Subscribe:

Rabu, 27 November 2013

Ku Ingin Dia yang Sempurna

Ku ingin dia yang sempurna... untuk diriku yang biasa...”
            Kalimat di atas merupakan kutipan lirik lagu yang akhir-akhir ini menjadi lagu favorit orang-orang di sekitarku, termasuk aku. Lirik yang bagus diimbangi dengan kualitas sang penyanyi yang tidak diragukan lagi kualitasnya. Saking sukanya, bahkan tak jarang aku dan teman-temanku menyanyikan lagu ini secara bersama-sama.
            Namun, ada hal lain yang menarik perhatianku pada lagu ini. bagiku makna dari lirik lagu ini menggambarkan kebanyakan watak manusia. Ya, manusia, makhluk yang paling sempurna dengan akal pikirannya. Sepertinya memang fitrah manusia untuk selalu berusaha untuk mencari yang sempurna. Nah, contoh konkrit misalnya, ketika beberapa waktu yang lalu saat aku berbelanja di sebuah toko sembako, ada seorang remaja putri yang sedang berdiri menunggu seseorang. Perawakannya seperti kebanyakan gadis sunda, putih, bersih dan cantik. Lalu, tiba-tiba datanglah seorang bapak-bapak yang kemudian menghampiri anak itu. Seorang bapak lainnya berkelakar mengejek sang bapak tadi.
ini benar anakmu?” katanya sambil tertawa
lah ia dong... cantik kan?” bapak si Anak terlihat bangga
gak percaya... kok beda banget ya... hahaha” si bapak tertawa terbahak-bahak
eh... jangan salah... bapaknya boleh jelek, tapi lihat dulu ibunya...haha” sang bapak berusaha menjawab lawakan bapak yang tadi.
            Melihat kejadian tersebut, aku hanya bisa ikut tertawa sambil berusaha berpikir lebih jauh. Oh... ternyata begitu ya... sang bapak dengan kata lain menikahi seorang wanita cantik dengan harapan dapat memperbaiki dan menyempurnakan keturunannya. Apakah cara tersebut diperbolehkan? Tentu boleh, sah-sah saja jika si bapak kemudian berusaha untuk menikahi istrinya yang cantik agar keturunannya menjadi lebih baik dan lebih sempurna daripada generasinya.

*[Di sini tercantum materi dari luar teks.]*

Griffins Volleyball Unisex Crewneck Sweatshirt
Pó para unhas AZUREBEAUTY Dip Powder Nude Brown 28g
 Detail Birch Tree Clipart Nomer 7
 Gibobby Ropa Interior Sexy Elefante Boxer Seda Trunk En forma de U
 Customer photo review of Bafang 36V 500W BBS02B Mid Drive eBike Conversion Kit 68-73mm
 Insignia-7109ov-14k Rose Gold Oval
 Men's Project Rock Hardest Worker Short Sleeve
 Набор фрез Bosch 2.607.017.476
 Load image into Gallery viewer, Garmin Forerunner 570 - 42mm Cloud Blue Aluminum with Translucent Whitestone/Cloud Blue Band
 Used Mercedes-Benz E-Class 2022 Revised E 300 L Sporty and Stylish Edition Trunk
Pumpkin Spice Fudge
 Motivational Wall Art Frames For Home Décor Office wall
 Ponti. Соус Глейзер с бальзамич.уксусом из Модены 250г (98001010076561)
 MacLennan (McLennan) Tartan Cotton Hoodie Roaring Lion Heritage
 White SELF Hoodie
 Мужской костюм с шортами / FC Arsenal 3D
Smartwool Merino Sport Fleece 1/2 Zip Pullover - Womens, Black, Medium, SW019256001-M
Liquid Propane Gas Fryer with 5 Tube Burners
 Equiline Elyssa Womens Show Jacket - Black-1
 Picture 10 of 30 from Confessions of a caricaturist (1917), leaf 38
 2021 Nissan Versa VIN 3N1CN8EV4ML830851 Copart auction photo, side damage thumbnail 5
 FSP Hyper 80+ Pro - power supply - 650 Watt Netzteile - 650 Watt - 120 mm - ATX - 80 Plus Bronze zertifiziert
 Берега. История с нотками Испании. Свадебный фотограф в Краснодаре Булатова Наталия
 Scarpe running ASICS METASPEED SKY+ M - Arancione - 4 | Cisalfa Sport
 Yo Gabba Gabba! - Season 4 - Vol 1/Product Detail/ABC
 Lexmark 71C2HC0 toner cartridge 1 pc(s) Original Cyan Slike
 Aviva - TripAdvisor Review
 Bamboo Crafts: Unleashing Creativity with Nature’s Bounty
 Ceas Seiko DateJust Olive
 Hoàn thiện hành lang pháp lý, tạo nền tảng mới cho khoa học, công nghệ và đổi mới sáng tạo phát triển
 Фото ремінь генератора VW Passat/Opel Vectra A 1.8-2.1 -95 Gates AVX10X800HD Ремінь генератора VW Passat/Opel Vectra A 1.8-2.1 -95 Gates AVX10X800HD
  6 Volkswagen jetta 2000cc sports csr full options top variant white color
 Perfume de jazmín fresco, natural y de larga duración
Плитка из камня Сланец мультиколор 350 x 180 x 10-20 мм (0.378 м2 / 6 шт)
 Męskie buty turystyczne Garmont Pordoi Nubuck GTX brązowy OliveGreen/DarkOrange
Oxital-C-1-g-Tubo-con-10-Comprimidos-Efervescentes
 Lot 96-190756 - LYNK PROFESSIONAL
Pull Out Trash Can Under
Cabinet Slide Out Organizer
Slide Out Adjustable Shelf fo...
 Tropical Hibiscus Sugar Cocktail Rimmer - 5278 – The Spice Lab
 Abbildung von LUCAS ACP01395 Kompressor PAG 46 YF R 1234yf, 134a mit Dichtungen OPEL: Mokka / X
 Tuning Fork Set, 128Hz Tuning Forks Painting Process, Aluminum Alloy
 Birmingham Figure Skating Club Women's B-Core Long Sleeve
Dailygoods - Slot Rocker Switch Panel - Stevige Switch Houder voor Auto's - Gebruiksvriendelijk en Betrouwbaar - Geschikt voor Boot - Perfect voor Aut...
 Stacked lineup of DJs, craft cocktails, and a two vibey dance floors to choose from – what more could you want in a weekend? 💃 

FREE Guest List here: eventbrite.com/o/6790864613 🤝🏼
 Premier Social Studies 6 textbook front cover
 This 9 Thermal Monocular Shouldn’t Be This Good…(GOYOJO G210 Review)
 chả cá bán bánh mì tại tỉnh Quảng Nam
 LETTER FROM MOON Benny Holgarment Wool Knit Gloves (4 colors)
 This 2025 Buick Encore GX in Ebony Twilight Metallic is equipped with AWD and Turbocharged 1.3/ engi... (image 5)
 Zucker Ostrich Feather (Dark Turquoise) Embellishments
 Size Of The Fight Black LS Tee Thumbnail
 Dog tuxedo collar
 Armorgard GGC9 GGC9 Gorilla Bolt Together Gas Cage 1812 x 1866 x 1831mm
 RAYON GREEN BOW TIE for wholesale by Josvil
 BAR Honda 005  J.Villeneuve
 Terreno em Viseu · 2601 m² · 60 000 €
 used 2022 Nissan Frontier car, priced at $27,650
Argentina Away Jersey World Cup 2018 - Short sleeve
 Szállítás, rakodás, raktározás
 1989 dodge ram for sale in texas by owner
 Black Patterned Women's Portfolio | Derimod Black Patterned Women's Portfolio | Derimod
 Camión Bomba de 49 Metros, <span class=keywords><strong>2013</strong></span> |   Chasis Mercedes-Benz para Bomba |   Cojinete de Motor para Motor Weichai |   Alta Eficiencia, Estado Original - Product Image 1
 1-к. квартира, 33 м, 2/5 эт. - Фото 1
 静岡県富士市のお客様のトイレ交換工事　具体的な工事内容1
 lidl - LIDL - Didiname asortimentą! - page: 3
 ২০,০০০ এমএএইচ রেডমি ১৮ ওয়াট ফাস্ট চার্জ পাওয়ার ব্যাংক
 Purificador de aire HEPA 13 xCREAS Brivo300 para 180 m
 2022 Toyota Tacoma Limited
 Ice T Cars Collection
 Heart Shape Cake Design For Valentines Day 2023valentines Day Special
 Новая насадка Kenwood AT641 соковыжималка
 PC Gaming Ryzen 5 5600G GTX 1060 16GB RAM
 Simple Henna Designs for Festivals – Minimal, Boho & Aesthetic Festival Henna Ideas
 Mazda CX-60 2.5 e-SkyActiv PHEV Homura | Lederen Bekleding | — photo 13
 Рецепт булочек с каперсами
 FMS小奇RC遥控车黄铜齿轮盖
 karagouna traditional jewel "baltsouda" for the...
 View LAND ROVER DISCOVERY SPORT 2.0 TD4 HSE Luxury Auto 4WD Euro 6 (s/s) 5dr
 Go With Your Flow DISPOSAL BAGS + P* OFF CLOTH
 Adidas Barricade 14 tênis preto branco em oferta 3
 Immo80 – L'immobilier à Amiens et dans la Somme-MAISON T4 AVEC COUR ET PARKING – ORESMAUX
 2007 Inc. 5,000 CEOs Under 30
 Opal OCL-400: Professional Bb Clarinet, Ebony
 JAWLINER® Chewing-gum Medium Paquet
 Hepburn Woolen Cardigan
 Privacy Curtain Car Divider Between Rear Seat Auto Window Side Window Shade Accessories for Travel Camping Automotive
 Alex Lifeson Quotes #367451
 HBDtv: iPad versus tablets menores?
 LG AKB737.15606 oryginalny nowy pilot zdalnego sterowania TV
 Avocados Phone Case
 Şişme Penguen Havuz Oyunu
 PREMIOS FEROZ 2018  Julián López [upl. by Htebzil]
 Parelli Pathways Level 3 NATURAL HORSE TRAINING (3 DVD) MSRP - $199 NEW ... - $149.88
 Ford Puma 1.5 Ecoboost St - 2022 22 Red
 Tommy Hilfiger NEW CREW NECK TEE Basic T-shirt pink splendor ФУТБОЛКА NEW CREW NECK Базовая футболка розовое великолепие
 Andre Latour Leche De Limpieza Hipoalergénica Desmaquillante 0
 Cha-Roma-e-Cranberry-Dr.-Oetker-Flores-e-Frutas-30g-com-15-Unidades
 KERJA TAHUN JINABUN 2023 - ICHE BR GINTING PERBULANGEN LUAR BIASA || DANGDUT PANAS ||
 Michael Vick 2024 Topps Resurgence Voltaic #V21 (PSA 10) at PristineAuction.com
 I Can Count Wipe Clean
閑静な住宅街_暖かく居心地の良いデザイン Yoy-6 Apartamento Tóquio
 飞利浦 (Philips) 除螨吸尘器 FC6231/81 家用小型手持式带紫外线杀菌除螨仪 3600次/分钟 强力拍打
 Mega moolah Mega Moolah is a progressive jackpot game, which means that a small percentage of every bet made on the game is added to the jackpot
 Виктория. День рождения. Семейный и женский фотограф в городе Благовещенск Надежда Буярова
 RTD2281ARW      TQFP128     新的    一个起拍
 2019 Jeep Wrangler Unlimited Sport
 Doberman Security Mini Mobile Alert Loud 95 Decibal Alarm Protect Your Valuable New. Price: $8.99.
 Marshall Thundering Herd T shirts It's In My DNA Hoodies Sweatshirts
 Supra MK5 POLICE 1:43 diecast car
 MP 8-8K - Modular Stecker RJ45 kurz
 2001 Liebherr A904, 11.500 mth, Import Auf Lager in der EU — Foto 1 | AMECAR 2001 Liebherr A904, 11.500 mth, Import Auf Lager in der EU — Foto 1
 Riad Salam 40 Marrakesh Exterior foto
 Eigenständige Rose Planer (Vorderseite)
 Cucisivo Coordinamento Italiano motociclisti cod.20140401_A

            Sebenarnya arah tulisan ini bukan untuk membahas usaha sang bapak untuk memperbaiki keturunannya. Tapi, lebih dari itu. Aku hanya ingin memandang dari sudut pandang yang berbeda, namun masih berkaitan dengan lirik lagu di atas. Apabila seseorang menanyakan kriteria pasanagan hidup padamu atau padaku, maka tentu kita akan menjawab kriteria yang baik-baik, bahkan yang mendekati sempurna. Misal kriteria yang pertama adalah yang soleh, taat agamanya, pintar, mapan, ganteng, tinggi, penyayang, putih, romantis, pakai kacamata, sosok pemimpin yang mengayomi dan mampu membimbing kita menjadi pribadi yang lebih baik, dan lain sebagainya. Atau, kalau temanku bilang yang bisa dibawa ke kondangan dan ke seminar -haha-.
            Kriteria di atas sah-sah saja, sebab keinginan dapat menjadi doa, siapa tau terkabul -hehe-. Tapi, hal yang paling krusial adalah ketika kita sebagai wanita punya target ini dan itu, pengen yang seperti ini atau yang seperti itu... apakah kita sudah berusaha memantaskan diri untuk mendapatkan yang sesempurna kriteria kita?. Jika kita ingin yang baik, maka jadikan diri menjadi baik. Jika kita ingin yang berkualitas tinggi, maka jadikan diri menjadi berkualitas tinggi pula. Ada sebuah pernyataan Mario Teguh yang sangat saya sukai “Mengapa wanita harus bersikap layaknya seorang Ratu? Karena dia akan menjadi pendamping bagi seorang Raja besar”. Intinya adalah wanita yang baik untuk laki-laki yang baik, begitu pula wanita yang buruk untuk laki-laki yang buruk. Ini bahkan dijelaskan dalam Al-Qur’an.
            Jangan sampai kita melakukan hal seperti lirik lagu di atas. Menginginkan yang sempurna, sedangkan kita sendiri masih biasa. Seharusnya liriknya kita ubah menjadi “ku ingin dia yang sempurna...untuk diriku yang biasa namun selalu berusaha untuk menjadi sempurna”. Nah... kalau seperti ini lebih cocok kan? Meskipun kita punya kualitas yang biasa, namun kita selalu belajar dan berusaha keras untuk menjadi sempurna, ada usaha untuk memantaskan diri.